To do: In the records below, repeat word for word only the lines starting at the one that contains "Pulsera 'Asha' de" and ending at the one that contains "2021 Africa Awards", pictures excluded.

Data:

[Start of section]

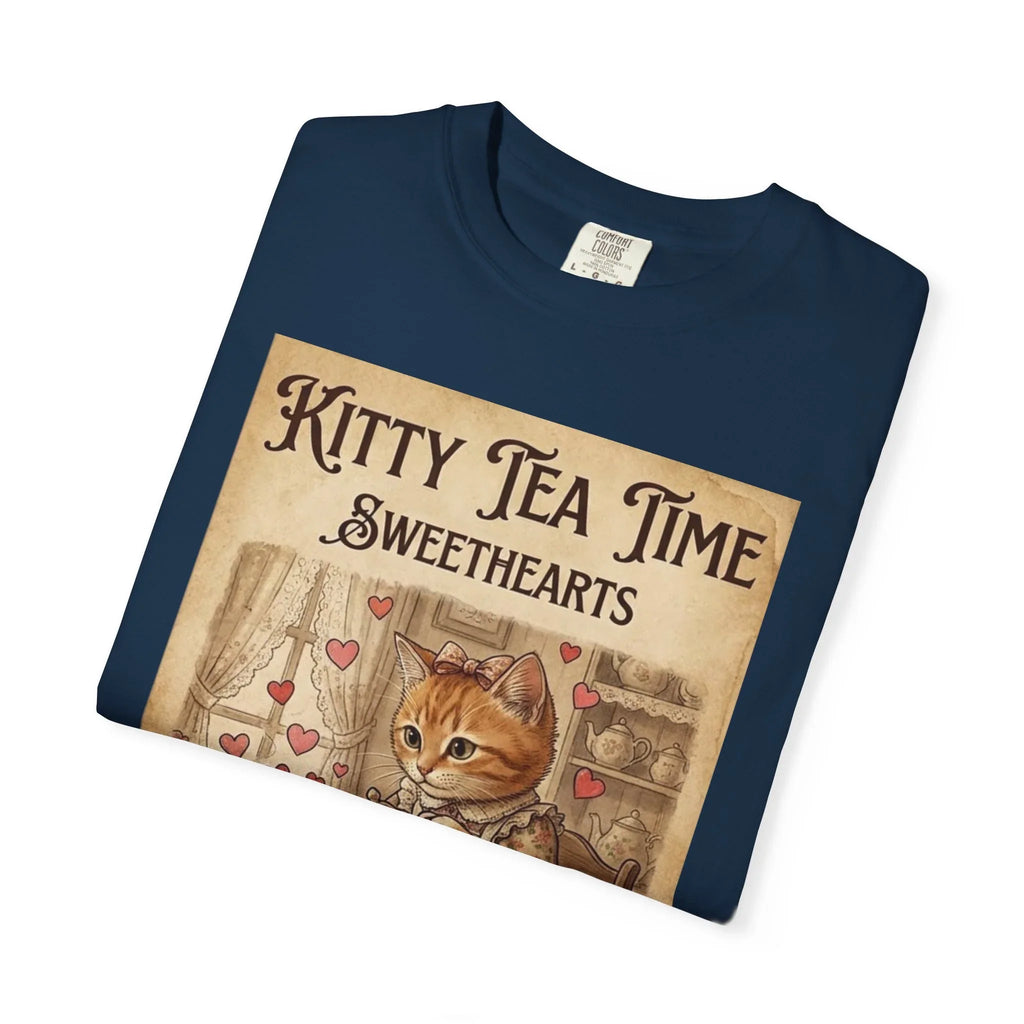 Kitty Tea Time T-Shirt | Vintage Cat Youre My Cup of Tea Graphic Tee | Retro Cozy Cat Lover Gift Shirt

[End of section]
[Start of section]

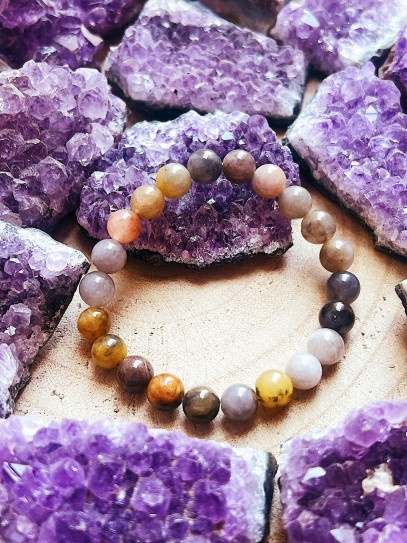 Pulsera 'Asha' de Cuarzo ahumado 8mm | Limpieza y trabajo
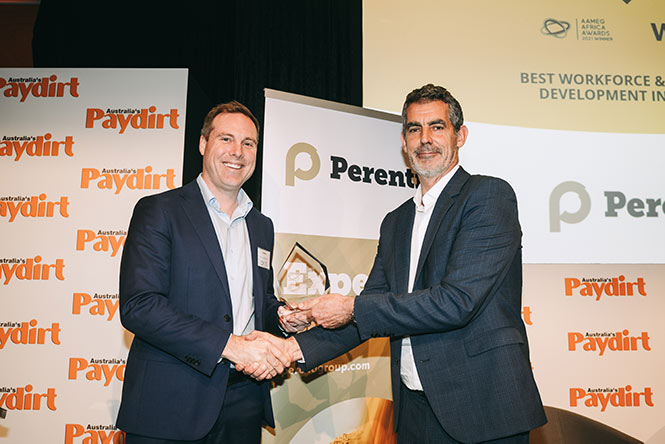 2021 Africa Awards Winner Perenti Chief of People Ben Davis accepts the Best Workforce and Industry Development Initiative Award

[End of section]

Answer section:
 Pulsera 'Asha' de Cuarzo ahumado 8mm | Limpieza y trabajo
 2021 Africa Awards Winner Perenti Chief of People Ben Davis accepts the Best Workforce and Industry Development Initiative Award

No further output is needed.